Es geht um Schicksale und nicht um Kostenfaktoren. Das möchte ich einer christlichen Partei mit auf den Weg geben. Christen kümmern sich normalerweise weniger um Kosten als um Menschen, aber bei Ihnen ist es umgekehrt.

(Beifall bei den GRÜNEN)

Sie wissen ganz genau, wie schwer es für diese Menschen ist, innerhalb eines halben Jahres Arbeit zu fi nden. Noch dazu können ihnen Deutsche und EU-Bürger vorgezogen werden. Sie aber sagen: Wir geben ihnen nur dann das Bleiberecht, wenn sie Arbeit haben. Diese Menschen fi nden keine Arbeit, weil sie kein Bleiberecht haben. Das erinnert mich an den Hauptmann von Köpenick. Dem Schuster Voigt wurde gesagt: Du hast keine Arbeit, du bekommst keine Wohnung, und wenn du keine Wohnung vorweisen kannst, dann bekommst du auch keine Arbeit. Schuster Voigt – damit möchte ich schließen, ich kann mich seinen Worten anschließen – hat gesagt: Erst kommt die Wanze und dann die Wanzenordnung. – Erst kommt der Mensch, dann die Menschenordnung.

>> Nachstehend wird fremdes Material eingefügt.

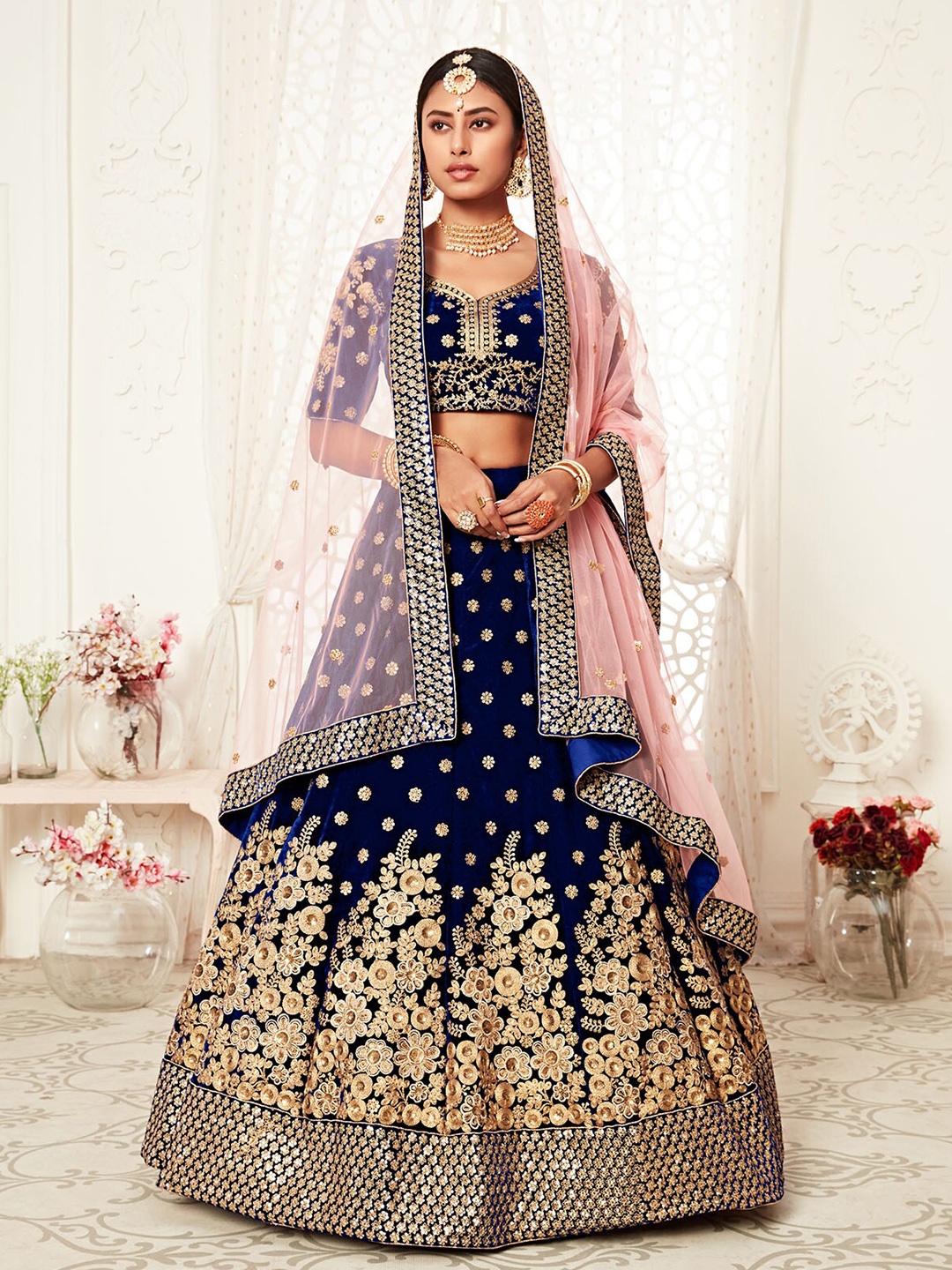 

ODETTE Navy Blue & Peach-Coloured Embellished Sequinned Semi-Stitched Lehenga & Unstitched Blouse With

(Beifall bei den GRÜNEN und bei der SPD)

Nächste Wortmeldung: Herr Kollege König.

Herr Präsident, Kolleginnen und Kollegen! Worum geht es? – Es geht um abgelehnte

Asylbewerber, die aus den unterschiedlichsten Gründen nicht aus Deutschland abgeschoben werden können.

(Maria Scharfenberg (GRÜNE): Auch aus humanitären Gründen!)

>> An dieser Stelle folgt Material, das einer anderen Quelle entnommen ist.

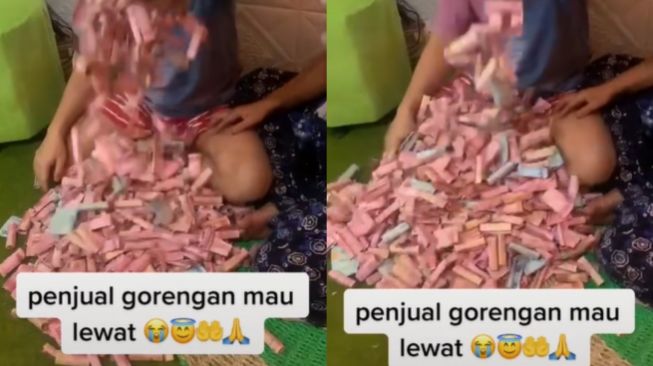 Penjual Gorengan Histeris Bongkar Tabungan, Total Uangnya Bikin Melotot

Sie werden hier geduldet. Es geht um die Frage, ob dem Einzelnen ein Aufenthaltsrecht, eine Aufenthaltserlaubnis erteilt werden kann. Die CSU und Innenminister Dr. Beckstein haben am 17. November 2006 – wie Sie eigentlich wissen sollten – einem Kompromiss der Innenministerkonferenz zugestimmt mit der Zielrichtung, mehrjährig hier geduldeten Ausländern dann eine Aufenthaltserlaubnis zu erteilen, wenn sie wirtschaftlich und gesellschaftlich voll integriert sind, das heißt, wenn sie in absehbarer Zeit einen legalen Arbeitsplatz hier im Land haben und darüber hinaus in unserer Gesellschaft integriert sind.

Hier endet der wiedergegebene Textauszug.